|Source||CMES: Computer Modeling in Engineering & Sciences, Vol. 104, No. 5, pp. 405-424, 2015|
|Download||Full length paper in PDF format. Size = 2,166,755 bytes|
|Keywords||ALE, SPH, FSI, CFD, Hyperelastic.|
Simulation of airbag and membrane deployment under pressurized gas problems becomes more and more the focus of computational engineering, where FEM (Finite element Methods) for structural mechanics and Finite Volume for CFD are dominant. New formulations have been developed for FSI applications using mesh free methods as SPH method, (Smooth Particle Hydrodynamic).
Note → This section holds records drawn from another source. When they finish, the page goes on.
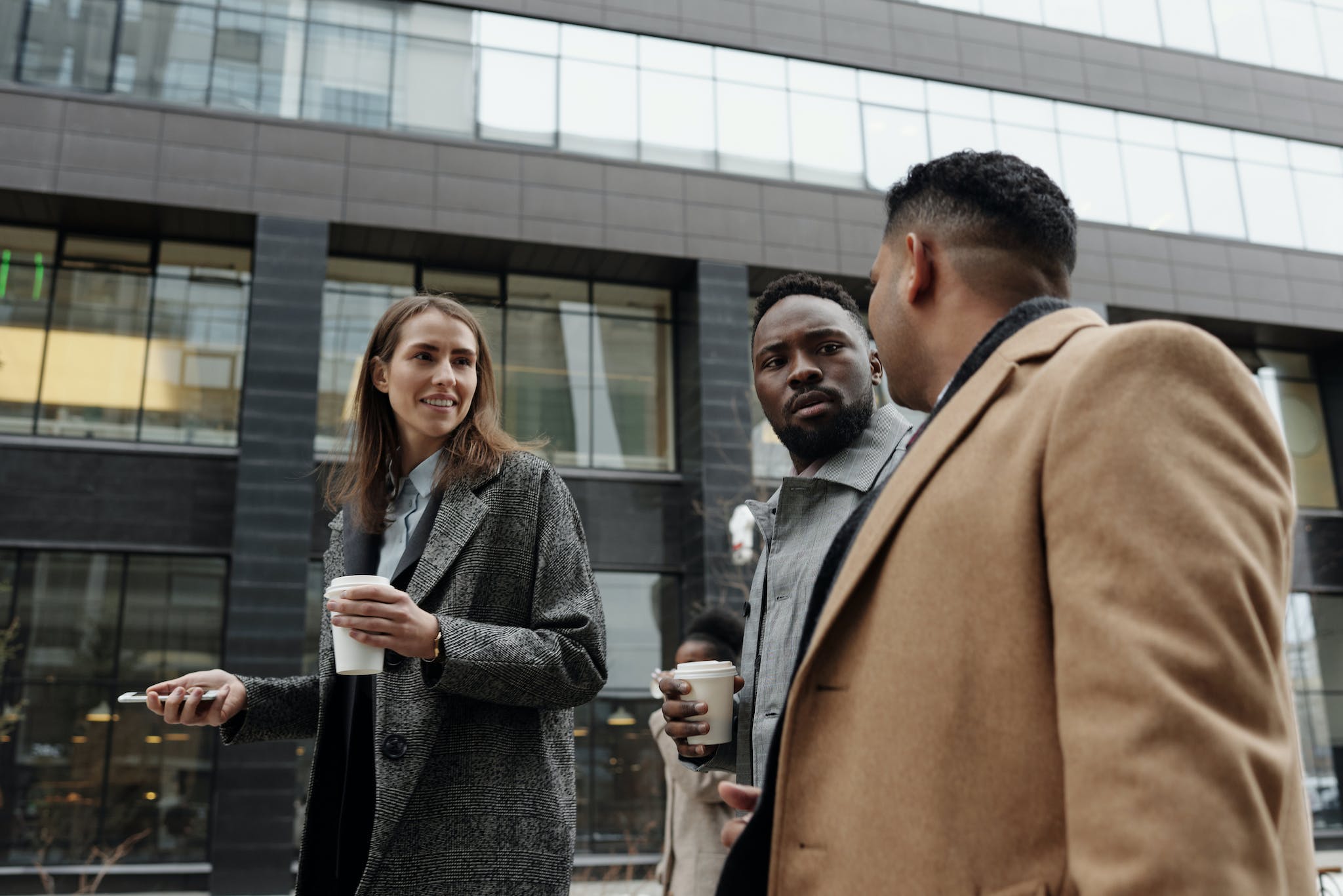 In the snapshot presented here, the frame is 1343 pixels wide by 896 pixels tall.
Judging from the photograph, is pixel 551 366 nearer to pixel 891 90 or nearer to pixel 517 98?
pixel 517 98

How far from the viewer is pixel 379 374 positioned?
3.05 meters

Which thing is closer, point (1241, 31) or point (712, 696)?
point (712, 696)

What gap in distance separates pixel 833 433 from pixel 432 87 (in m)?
16.9

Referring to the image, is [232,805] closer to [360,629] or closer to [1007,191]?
[360,629]

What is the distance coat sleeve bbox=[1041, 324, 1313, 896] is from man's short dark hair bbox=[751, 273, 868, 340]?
1737mm

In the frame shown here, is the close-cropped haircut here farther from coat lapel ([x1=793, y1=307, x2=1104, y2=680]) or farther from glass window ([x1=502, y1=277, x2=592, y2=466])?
glass window ([x1=502, y1=277, x2=592, y2=466])

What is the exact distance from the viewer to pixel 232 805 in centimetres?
1454

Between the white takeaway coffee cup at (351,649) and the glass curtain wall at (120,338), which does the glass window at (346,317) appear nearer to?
the glass curtain wall at (120,338)

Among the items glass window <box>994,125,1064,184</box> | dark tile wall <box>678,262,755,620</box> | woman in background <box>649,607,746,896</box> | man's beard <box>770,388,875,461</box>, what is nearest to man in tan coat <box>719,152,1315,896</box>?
man's beard <box>770,388,875,461</box>

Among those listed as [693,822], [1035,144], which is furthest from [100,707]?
[1035,144]

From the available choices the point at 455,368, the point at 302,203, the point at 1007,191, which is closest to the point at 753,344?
the point at 455,368

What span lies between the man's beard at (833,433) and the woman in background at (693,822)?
3033 mm

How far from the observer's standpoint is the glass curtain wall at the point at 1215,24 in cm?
2148

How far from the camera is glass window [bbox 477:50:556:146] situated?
18.2m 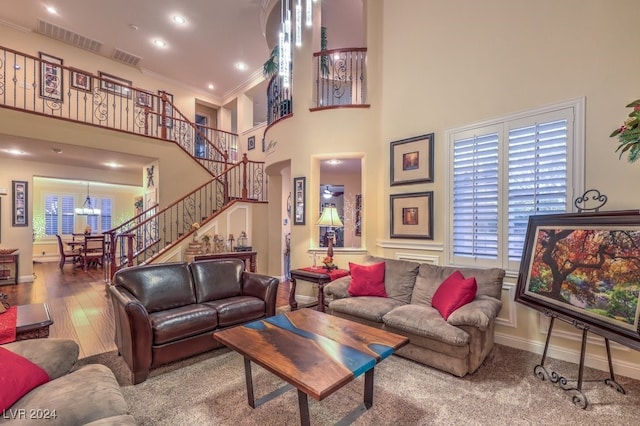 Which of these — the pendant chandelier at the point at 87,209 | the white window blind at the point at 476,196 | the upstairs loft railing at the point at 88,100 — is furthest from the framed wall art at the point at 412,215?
the pendant chandelier at the point at 87,209

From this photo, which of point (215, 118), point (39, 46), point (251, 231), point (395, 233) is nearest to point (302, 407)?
point (395, 233)

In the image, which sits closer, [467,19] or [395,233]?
[467,19]

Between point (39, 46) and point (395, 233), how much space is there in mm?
8906

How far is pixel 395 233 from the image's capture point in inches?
165

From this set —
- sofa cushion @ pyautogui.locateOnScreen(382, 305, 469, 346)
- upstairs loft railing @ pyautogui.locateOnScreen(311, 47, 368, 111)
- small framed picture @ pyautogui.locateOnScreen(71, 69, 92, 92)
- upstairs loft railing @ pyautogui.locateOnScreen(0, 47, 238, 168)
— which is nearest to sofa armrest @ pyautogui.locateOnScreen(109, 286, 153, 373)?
sofa cushion @ pyautogui.locateOnScreen(382, 305, 469, 346)

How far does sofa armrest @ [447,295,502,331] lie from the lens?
2.38 m

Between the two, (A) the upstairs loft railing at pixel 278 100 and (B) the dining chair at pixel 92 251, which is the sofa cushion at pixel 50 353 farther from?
(B) the dining chair at pixel 92 251

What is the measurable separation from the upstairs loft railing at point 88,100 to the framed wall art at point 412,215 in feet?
17.1

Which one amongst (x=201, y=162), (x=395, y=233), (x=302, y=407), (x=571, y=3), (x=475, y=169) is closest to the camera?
(x=302, y=407)

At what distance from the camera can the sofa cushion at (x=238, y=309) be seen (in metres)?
3.00

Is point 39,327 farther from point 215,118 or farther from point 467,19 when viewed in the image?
point 215,118

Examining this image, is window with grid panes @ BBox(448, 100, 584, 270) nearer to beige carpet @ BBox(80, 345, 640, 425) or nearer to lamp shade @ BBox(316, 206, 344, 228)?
beige carpet @ BBox(80, 345, 640, 425)

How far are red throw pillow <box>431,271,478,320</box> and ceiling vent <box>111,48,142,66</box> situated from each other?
904cm

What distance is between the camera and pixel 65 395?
4.57 feet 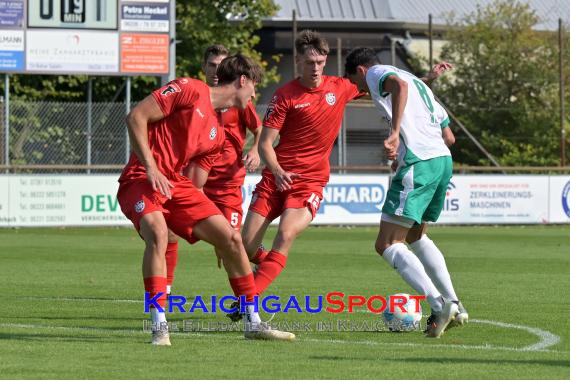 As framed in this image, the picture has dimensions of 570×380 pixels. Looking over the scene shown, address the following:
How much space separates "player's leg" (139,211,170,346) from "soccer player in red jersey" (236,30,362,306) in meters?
1.91

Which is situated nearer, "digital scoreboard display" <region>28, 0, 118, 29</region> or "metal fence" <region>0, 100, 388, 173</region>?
"metal fence" <region>0, 100, 388, 173</region>

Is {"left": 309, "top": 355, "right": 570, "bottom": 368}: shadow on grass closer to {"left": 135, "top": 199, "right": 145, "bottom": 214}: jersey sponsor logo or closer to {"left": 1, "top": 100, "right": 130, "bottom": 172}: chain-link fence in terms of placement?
{"left": 135, "top": 199, "right": 145, "bottom": 214}: jersey sponsor logo

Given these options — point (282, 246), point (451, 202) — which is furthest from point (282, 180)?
point (451, 202)

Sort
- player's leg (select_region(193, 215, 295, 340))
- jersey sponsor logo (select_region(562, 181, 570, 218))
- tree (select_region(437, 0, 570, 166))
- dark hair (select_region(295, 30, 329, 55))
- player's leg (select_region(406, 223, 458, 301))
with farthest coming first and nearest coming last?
tree (select_region(437, 0, 570, 166)), jersey sponsor logo (select_region(562, 181, 570, 218)), dark hair (select_region(295, 30, 329, 55)), player's leg (select_region(406, 223, 458, 301)), player's leg (select_region(193, 215, 295, 340))

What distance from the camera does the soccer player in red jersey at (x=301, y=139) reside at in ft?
33.1

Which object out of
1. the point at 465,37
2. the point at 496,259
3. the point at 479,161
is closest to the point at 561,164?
the point at 479,161

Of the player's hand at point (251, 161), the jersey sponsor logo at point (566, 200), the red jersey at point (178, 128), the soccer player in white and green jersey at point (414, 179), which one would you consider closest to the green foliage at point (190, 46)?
the jersey sponsor logo at point (566, 200)

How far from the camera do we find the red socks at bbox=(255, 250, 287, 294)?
31.4ft

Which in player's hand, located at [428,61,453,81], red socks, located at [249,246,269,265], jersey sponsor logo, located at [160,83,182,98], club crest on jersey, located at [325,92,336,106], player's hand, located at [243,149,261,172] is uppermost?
player's hand, located at [428,61,453,81]

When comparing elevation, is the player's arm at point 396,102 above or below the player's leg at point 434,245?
above

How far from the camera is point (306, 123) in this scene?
10.4 m

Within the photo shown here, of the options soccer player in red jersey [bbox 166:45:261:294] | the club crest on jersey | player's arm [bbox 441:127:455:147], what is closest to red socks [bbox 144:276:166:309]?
player's arm [bbox 441:127:455:147]

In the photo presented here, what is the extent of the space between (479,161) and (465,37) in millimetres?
5011

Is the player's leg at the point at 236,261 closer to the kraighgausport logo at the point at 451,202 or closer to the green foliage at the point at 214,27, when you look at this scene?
the kraighgausport logo at the point at 451,202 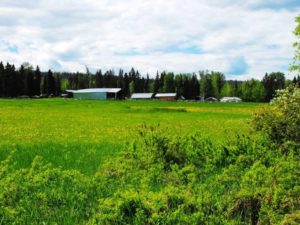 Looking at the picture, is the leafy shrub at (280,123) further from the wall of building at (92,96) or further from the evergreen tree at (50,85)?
the wall of building at (92,96)

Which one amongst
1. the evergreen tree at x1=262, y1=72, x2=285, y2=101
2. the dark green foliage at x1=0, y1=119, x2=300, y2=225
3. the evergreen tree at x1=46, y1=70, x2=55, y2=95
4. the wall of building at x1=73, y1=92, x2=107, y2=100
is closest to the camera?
the dark green foliage at x1=0, y1=119, x2=300, y2=225

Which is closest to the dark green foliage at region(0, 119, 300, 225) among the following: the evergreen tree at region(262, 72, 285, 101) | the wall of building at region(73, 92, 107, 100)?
the wall of building at region(73, 92, 107, 100)

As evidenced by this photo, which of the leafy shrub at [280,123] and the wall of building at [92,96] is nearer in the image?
the leafy shrub at [280,123]

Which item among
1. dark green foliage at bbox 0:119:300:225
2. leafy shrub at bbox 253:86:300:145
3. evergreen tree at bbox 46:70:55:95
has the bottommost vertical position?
dark green foliage at bbox 0:119:300:225

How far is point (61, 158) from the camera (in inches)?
558

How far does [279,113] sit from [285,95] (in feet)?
10.7

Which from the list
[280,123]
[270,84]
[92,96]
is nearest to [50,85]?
[92,96]

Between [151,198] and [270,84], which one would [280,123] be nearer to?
[151,198]

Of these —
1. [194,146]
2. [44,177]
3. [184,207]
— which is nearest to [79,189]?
[44,177]

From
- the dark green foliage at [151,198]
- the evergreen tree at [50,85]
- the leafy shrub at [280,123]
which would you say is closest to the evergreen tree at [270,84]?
the evergreen tree at [50,85]

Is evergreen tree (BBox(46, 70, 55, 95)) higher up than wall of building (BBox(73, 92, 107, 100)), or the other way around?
evergreen tree (BBox(46, 70, 55, 95))

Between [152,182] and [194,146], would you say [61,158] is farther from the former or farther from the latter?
[152,182]

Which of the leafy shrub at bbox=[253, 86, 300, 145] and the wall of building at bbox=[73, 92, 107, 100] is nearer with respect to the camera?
the leafy shrub at bbox=[253, 86, 300, 145]

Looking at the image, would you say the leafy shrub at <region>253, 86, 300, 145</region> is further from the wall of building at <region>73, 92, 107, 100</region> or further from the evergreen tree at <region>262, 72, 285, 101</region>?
the evergreen tree at <region>262, 72, 285, 101</region> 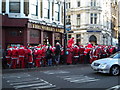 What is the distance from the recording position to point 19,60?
14641 mm

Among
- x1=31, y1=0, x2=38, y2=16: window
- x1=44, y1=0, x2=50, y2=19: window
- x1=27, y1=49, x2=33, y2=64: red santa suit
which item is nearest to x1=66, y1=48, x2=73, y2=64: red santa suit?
x1=27, y1=49, x2=33, y2=64: red santa suit

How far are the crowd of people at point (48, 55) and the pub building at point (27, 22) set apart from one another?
18.3 ft

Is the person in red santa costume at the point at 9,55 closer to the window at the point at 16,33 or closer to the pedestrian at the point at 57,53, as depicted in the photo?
the pedestrian at the point at 57,53

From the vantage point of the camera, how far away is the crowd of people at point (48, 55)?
14539mm

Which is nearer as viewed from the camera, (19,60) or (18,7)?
(19,60)

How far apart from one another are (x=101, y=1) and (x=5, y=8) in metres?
30.3

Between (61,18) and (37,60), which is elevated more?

Up to these days very little has been done to compare different methods and assess which one would be more suitable. For small deformation, FEM Lagrangian formulation can solve structure interface and material boundary accurately, the main limitation of the formulation is high mesh distortion for large deformation and moving structure. One of the commonly used approach to solve these problems is the ALE formulation which has been used with success in the simulation of FSI (Fluid Structure Interaction) with large structure motion such as sloshing fuel tank in automotive industry and bird impact in aeronautic industry. For some applications, including bird impact and high velocity impact problems, engineers have switched from ALE to SPH method to reduce CPU time and save memory allocation.
In this paper the mathematical and numerical implementation of the ALE and SPH formulations are described. From different simulation, it has been observed that for the SPH method to provide similar results as ALE or Lagrangian formulations, the SPH meshing, or SPH spacing particles needs to be finer than the ALE mesh.
To validate the statement, we perform a simulation of membrane deployment generated by high pressurized gas. For this simple problem, the particle spacing of SPH method needs to be at least two times finer than ALE mesh. A contact algorithm is performed at the FSI for both SPH and ALE formulations.